Buradaki numuneler o bölgenin farklı yerlerinden alındı. Kayaç numuneleri, toprak numuneleri, düşey yönde sistematik numuneler alındı. Bunlar minerolojik açıdan bakılacak. Kabadan inceye doğru jeokimyasal açıdan da incelenecek. Analizlerimizde milyarda 1 mertebesine kadar elementleri okuma imkanına sahibiz. Bu gemiye ait kalıntılar ne olabilir? Ağaç gemiyse, organik gemiler bulabilecek miyiz? Bunlara da bakılacak” ifadelerini kullandı.
Prof. Dr. Kumral, “Geminin içinde bir yaşam vardı. İnsanlar bu geminin içinde yaşadılar, bunlara ait kalıntılar var mı yok mu incelenecek. Göbeklitepe keşfedildi, dünya tarihi sıfırlandı. Biz de acaba bu keşifle böyle bir yola gidebilecek miyiz? Bunu araştırmalarımız sonucunda hep beraber göreceğiz. Her şeyden önemlisi bugüne kadar yapılmış en kapsamlı çalışma” dedi.
‘YAPININ DOĞAL MI, YAPAY MI OLDUĞU ANLAŞILACAK’
İTÜ Jeoloji Mühendisliği Bölüm Başkanı Prof. Dr. Emin Çiftçi ise, laboratuvarda gerçekleştirilecek çalışmaların Faz 2 olarak adlandırılabileceğine dikkat çekerek, “Örnekler bir hazırlık sürecinden geçiyor. Bunlar farklı süreçlerden geçtikten sonra mineral içerikler ve element içerikler için analiz edilecekler. Sahada anormal bir yapı diyoruz çünkü civarıyla morfolojik olarak tuhaf bir yapı var. Bunun yapay ya da doğal olduğunu anlamaya çalışıyoruz.
Bu netice sadece bu yapı değil civarını da örneklediğimiz için civarı ve yapı arasında bir kimyasal kontrast var mı yoksa, uyumlu mu buna bakacağız. Uyumluysa bu doğal bir yapı diyeceğiz.

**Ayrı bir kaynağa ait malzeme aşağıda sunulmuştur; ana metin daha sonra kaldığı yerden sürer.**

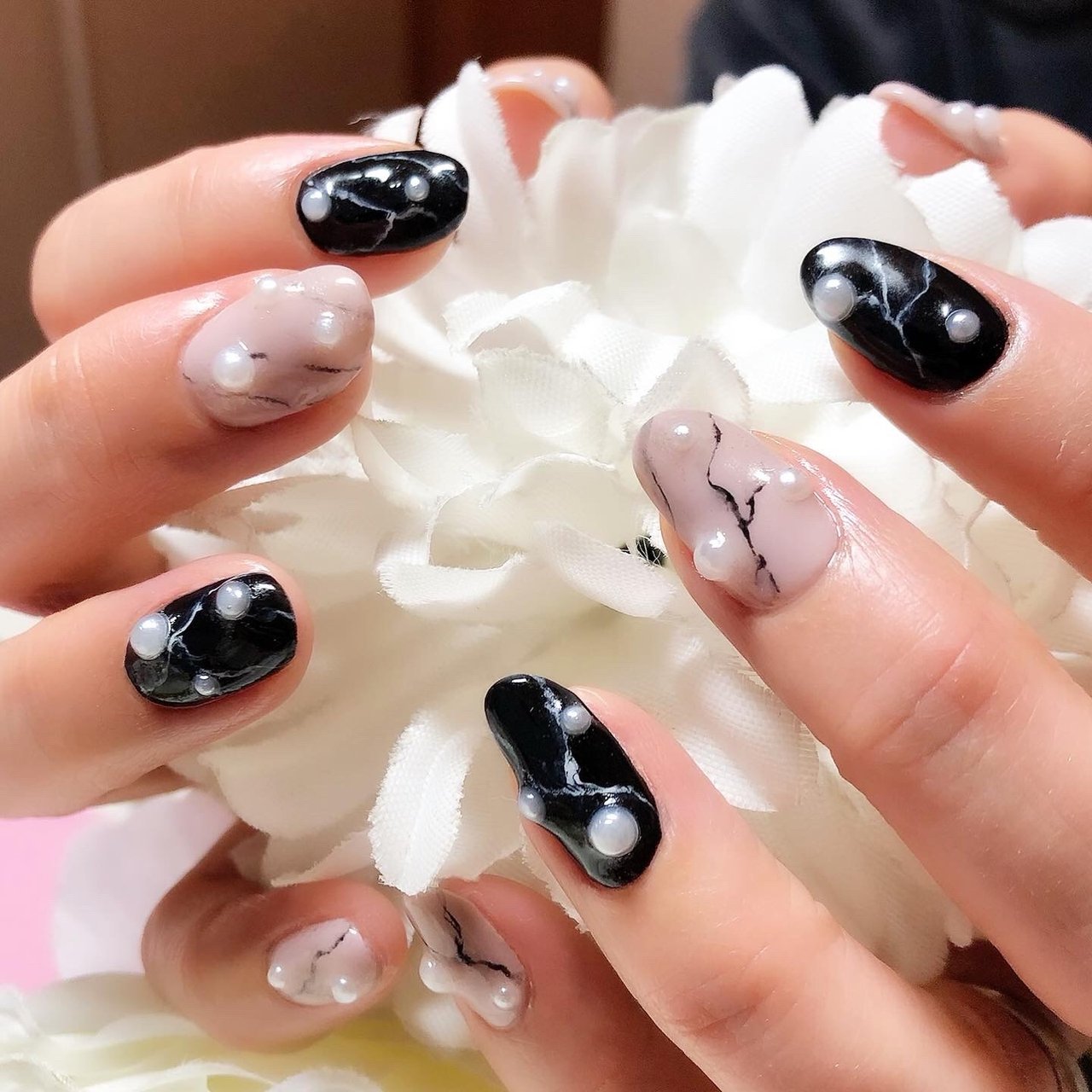 オールシーズン ハンド ワンカラー パール 大理石 Nail Room Souvenirのネイルデザイン No ネイルブック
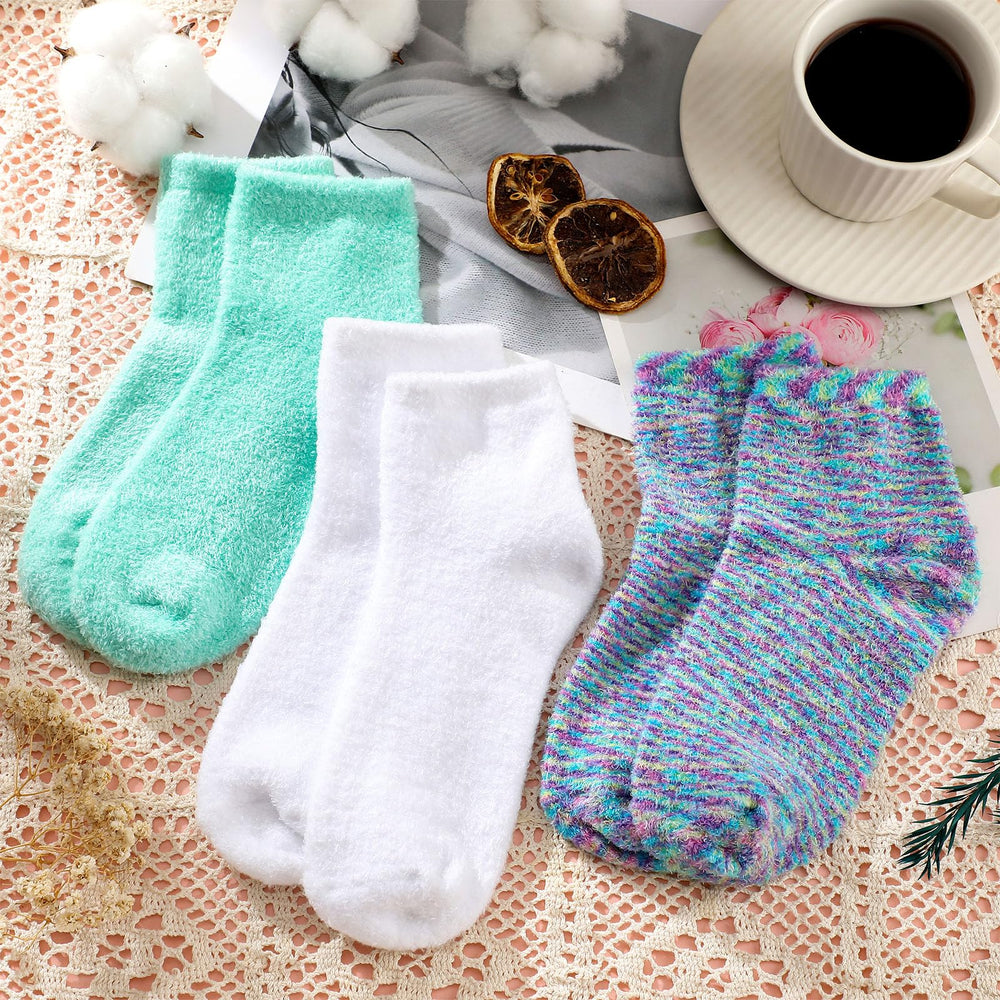Tarpop Aloe Socks packaging shows three-pair bundle, great for gifting.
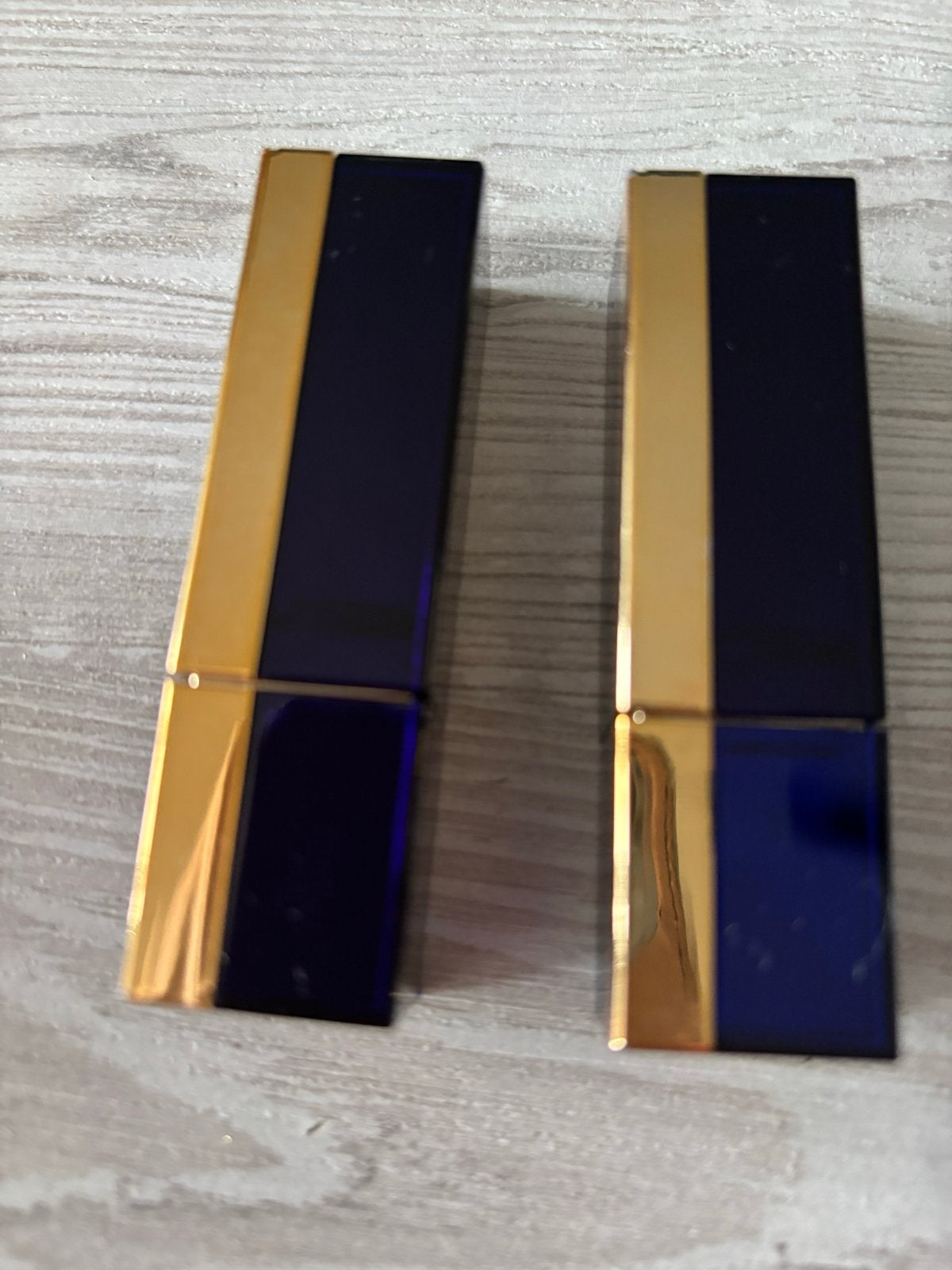 Estée Lauder Lippenstift - Electric Amourose & Cha Cha, Nieuw, Ophalen of Verzenden, Make-up, Overige kleuren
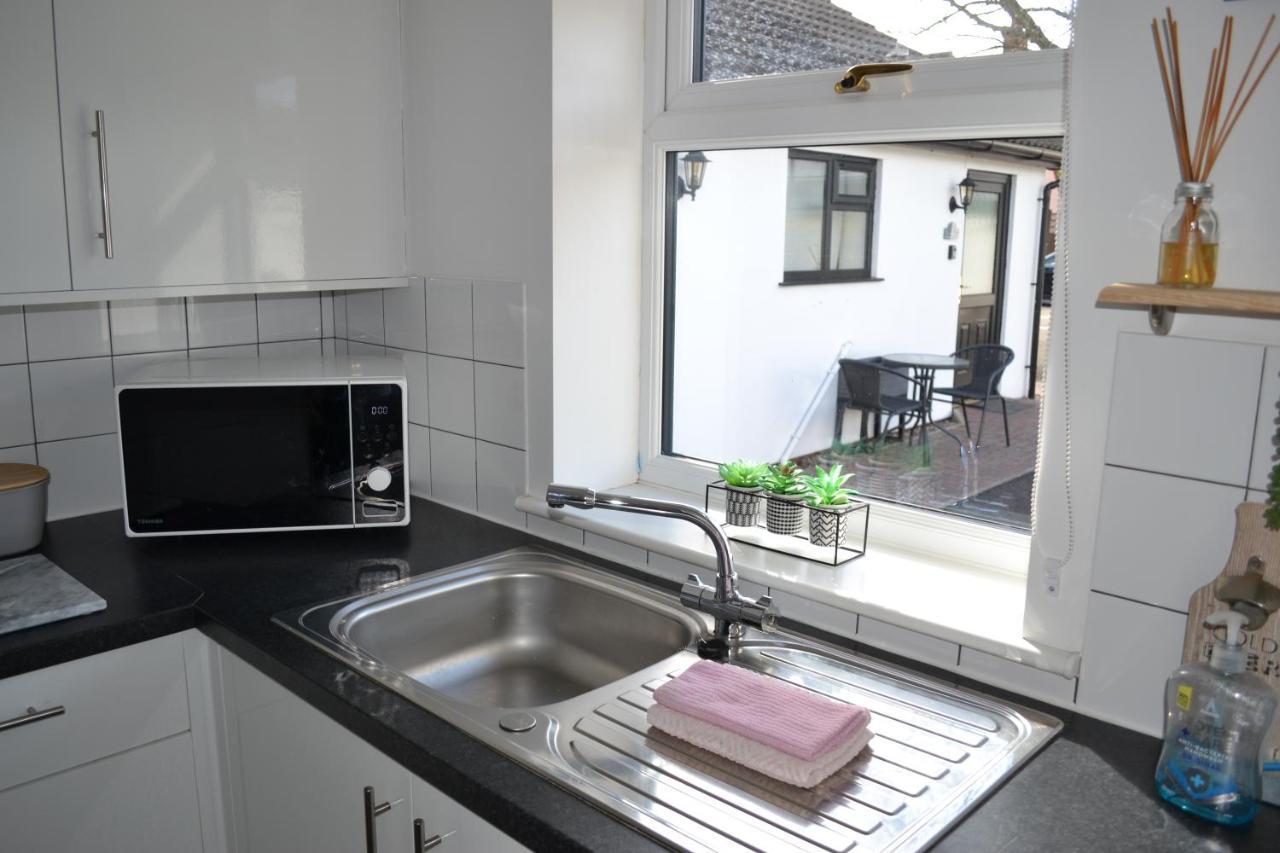 Number 3, Lytton Tree Lodge, Reydon, Southwold Buitenkant foto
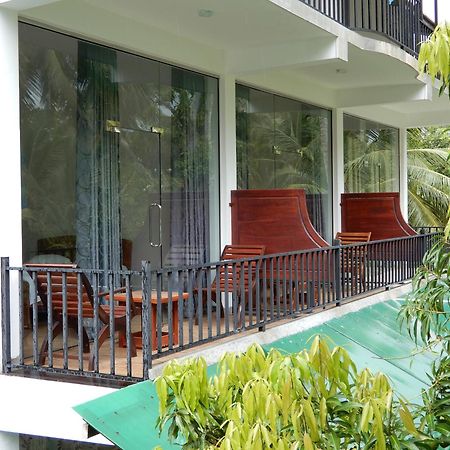 Lake Edge Holiday Inn Тиссамахарама Номер фото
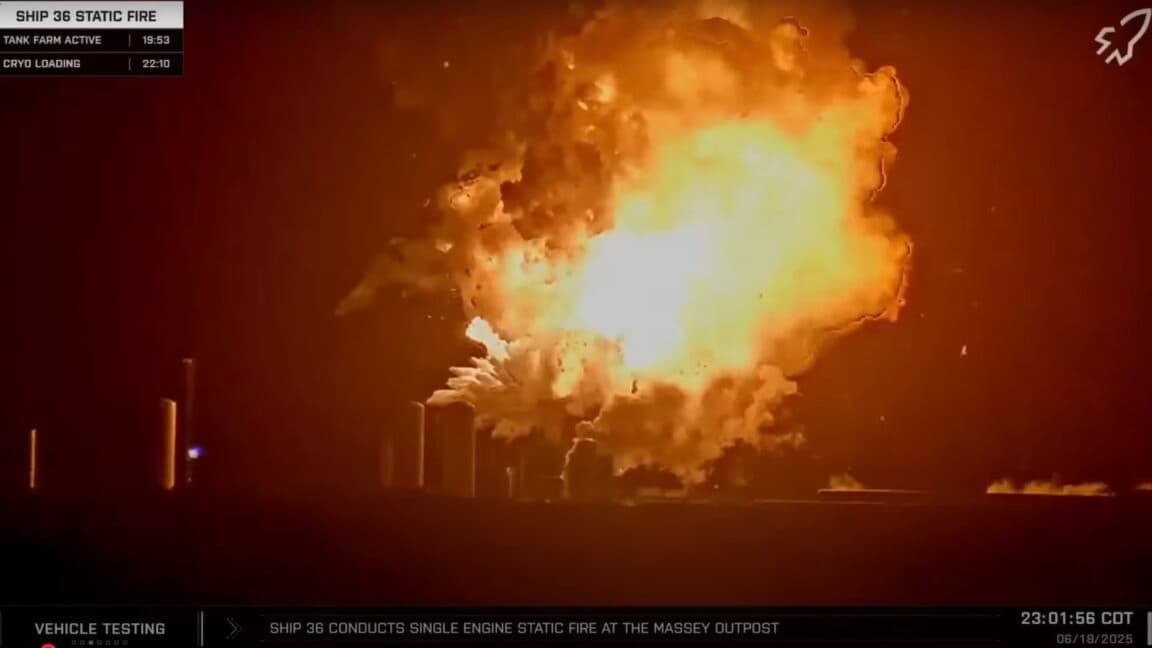 🚀💀 SpaceX's Starship just went BOOM in Texas! 💥 Guess it took 'explosive growth' too seriously! 😂🔥 #SpaceFail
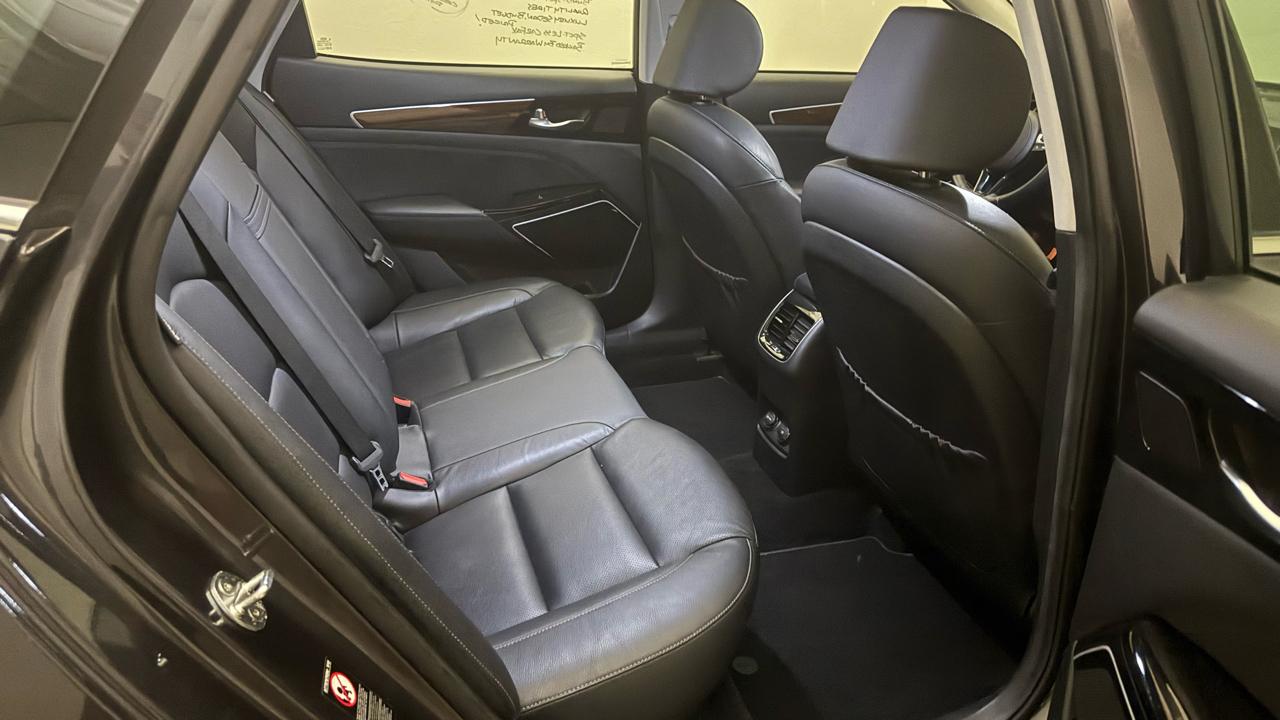 Kia Cadenza Premium 2019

Uyumsuzsa, Faz 3 çalışmasıyla daha ayrıntılı bir örnekleme yapmamız gerekecek. Böyle bir gemi kalıntısı varsa bu ahşapların taşlaşmasını bekleriz, taşlaşmış odun olur. Bunun bir dokusu vardır. Böyle belirtiler var mı mikroskop çalışmaları gösterecek. Jeokimya ve minerolojiye dayalı çalışma olacağı için tartışma getirmez sonuçlar bulacağını ümit ediyorum” diye konuştu.
‘TARTIŞMALAR SON BULACAK’
Prof. Dr. Çiftçi, “Süreç içerisinde birçok görüntülere dayalı, gözlemlere dayalı çalışmalar yapılmış. Buradaki amacımız bu ölçekte ilk defa. Biz özel izinle bu çalışmayı yaptık. Yapacağımız bir keşifle sonuçlanacaksa bu büyük bir keşif olacak. Tersi bir durum da mümkün ama en azından tartışma burada sonlanacak. Diyeceğiz ki; jeoloji, mineroloji, jeokimya şunu diyor. Burada böyle bir yapı yok.
Bu tamamen doğanın oyunu. Eski bir heyelan sahası. Bir gemi silueti oluşmuş. Buna bir nokta koymak lazım. Bu bir efsane, burada değilse nerede şeklinde arayışlar sürecektir. O bölge cazibesini kaybetmeyecek. Gemi olduğu söylenen şeyin Ağrı Dağı ile de bir ilişkisi yok. Arayışlar devam edecek. Sonuçları biz de merak ediyoruz. Yaklaşık 1 ay içerisinde sonuçlar çıkabilir” ifadelerini kullandı.